*WORK TO BE COMPLETED:*
Output must match the records, character for character.

*SOURCE DATA:*
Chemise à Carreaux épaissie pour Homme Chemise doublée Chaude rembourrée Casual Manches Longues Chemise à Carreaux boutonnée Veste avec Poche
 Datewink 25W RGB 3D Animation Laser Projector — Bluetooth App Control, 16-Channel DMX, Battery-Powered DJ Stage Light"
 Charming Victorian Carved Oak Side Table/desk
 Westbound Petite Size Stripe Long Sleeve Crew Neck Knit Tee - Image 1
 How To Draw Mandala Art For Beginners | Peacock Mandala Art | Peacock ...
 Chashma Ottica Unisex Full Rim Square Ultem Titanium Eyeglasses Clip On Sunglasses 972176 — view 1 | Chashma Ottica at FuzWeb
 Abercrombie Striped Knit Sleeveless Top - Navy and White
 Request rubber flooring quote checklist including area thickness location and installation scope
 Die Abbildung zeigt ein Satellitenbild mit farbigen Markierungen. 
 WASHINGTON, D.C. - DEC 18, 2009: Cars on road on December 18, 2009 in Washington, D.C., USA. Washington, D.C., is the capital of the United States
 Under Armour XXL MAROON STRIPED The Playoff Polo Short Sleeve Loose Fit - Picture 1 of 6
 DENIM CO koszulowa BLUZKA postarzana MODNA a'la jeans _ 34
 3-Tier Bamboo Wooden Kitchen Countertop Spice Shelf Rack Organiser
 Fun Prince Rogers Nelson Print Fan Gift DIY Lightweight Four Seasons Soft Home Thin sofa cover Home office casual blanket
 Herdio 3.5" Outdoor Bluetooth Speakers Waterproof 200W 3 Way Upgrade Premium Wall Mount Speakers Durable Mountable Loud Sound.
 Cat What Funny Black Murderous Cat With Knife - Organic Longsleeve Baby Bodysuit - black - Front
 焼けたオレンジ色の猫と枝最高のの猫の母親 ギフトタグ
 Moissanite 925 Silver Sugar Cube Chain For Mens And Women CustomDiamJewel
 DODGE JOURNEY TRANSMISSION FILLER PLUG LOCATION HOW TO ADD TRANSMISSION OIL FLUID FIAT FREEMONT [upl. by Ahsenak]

*EXERCISE ANSWER:*
Chemise à Carreaux épaissie pour Homme Chemise doublée Chaude rembourrée Casual Manches Longues Chemise à Carreaux boutonnée Veste avec Poche
 Datewink 25W RGB 3D Animation Laser Projector — Bluetooth App Control, 16-Channel DMX, Battery-Powered DJ Stage Light"
 Charming Victorian Carved Oak Side Table/desk
 Westbound Petite Size Stripe Long Sleeve Crew Neck Knit Tee - Image 1
 How To Draw Mandala Art For Beginners | Peacock Mandala Art | Peacock ...
 Chashma Ottica Unisex Full Rim Square Ultem Titanium Eyeglasses Clip On Sunglasses 972176 — view 1 | Chashma Ottica at FuzWeb
 Abercrombie Striped Knit Sleeveless Top - Navy and White
 Request rubber flooring quote checklist including area thickness location and installation scope
 Die Abbildung zeigt ein Satellitenbild mit farbigen Markierungen. 
 WASHINGTON, D.C. - DEC 18, 2009: Cars on road on December 18, 2009 in Washington, D.C., USA. Washington, D.C., is the capital of the United States
 Under Armour XXL MAROON STRIPED The Playoff Polo Short Sleeve Loose Fit - Picture 1 of 6
 DENIM CO koszulowa BLUZKA postarzana MODNA a'la jeans _ 34
 3-Tier Bamboo Wooden Kitchen Countertop Spice Shelf Rack Organiser
 Fun Prince Rogers Nelson Print Fan Gift DIY Lightweight Four Seasons Soft Home Thin sofa cover Home office casual blanket
 Herdio 3.5" Outdoor Bluetooth Speakers Waterproof 200W 3 Way Upgrade Premium Wall Mount Speakers Durable Mountable Loud Sound.
 Cat What Funny Black Murderous Cat With Knife - Organic Longsleeve Baby Bodysuit - black - Front
 焼けたオレンジ色の猫と枝最高のの猫の母親 ギフトタグ
 Moissanite 925 Silver Sugar Cube Chain For Mens And Women CustomDiamJewel
 DODGE JOURNEY TRANSMISSION FILLER PLUG LOCATION HOW TO ADD TRANSMISSION OIL FLUID FIAT FREEMONT [upl. by Ahsenak]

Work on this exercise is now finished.